* DATA FOR THIS EXERCISE:
■ ■ ■ ■

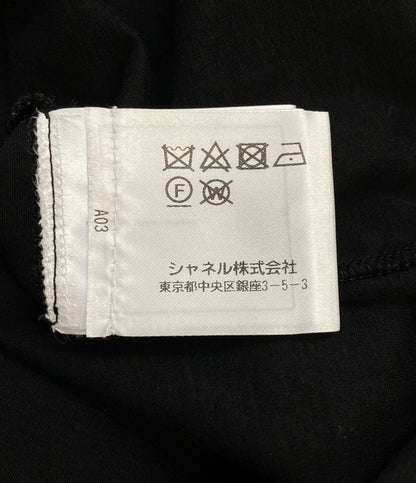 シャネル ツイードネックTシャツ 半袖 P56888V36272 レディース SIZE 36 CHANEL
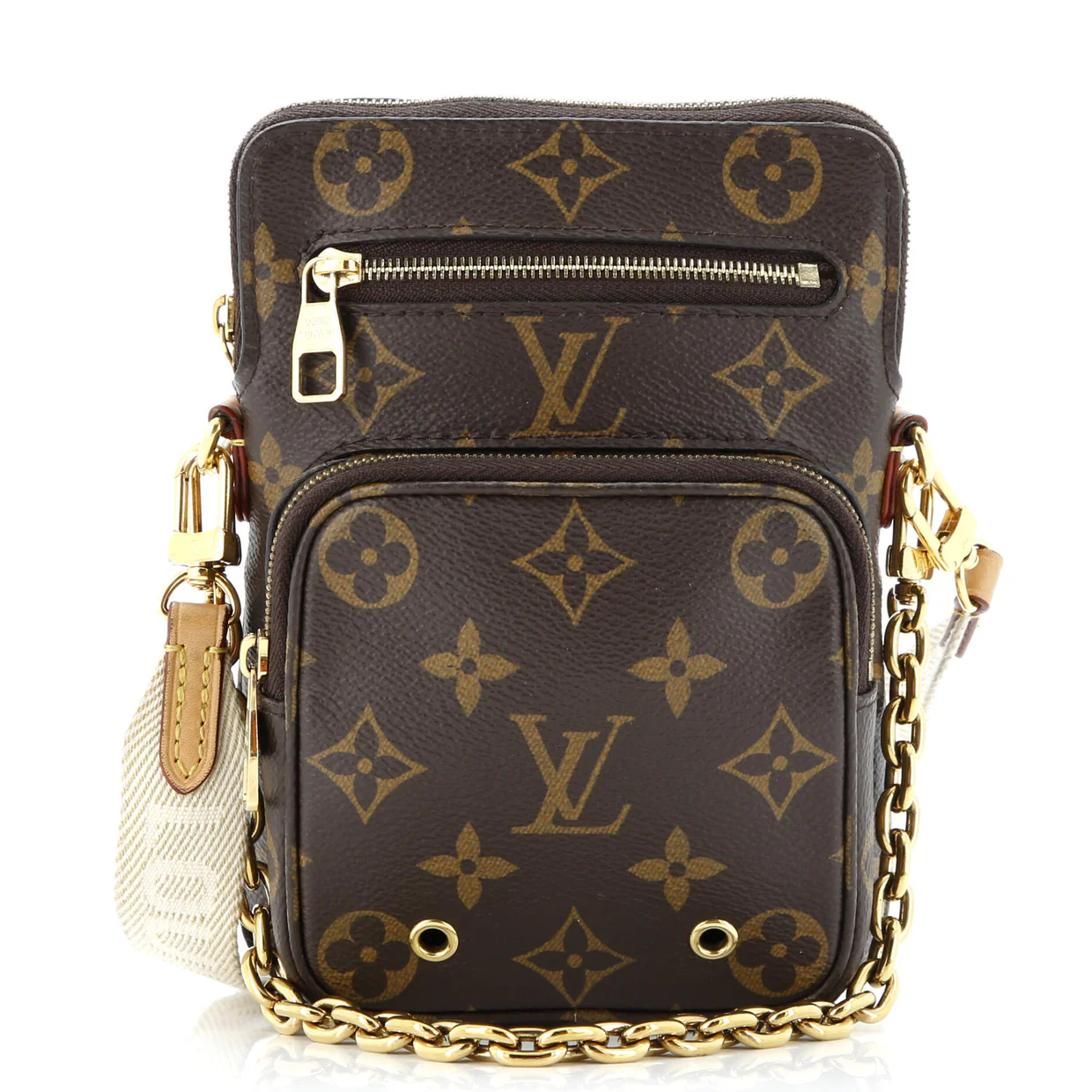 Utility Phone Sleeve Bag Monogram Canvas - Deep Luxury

■ ■ ■ ■

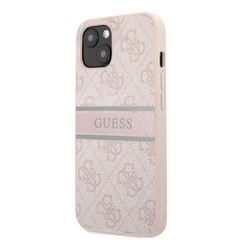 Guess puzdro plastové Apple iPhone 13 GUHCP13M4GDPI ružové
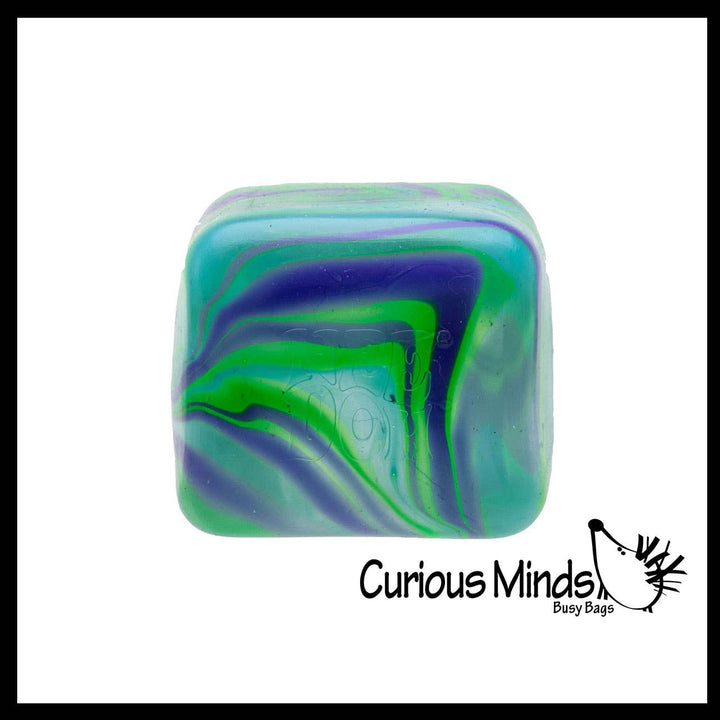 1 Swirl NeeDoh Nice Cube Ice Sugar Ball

■ ■ ■ ■

* EXERCISE DIRECTIONS: Using the listing above, reproduce word for word every line from the one containing "シャネル ツイードネックTシャツ 半袖" through the one containing "Utility Phone Sleeve". Pictures must be left out.

* COMPLETED EXERCISE:
 シャネル ツイードネックTシャツ 半袖 P56888V36272 レディース SIZE 36 CHANEL
 Utility Phone Sleeve Bag Monogram Canvas - Deep Luxury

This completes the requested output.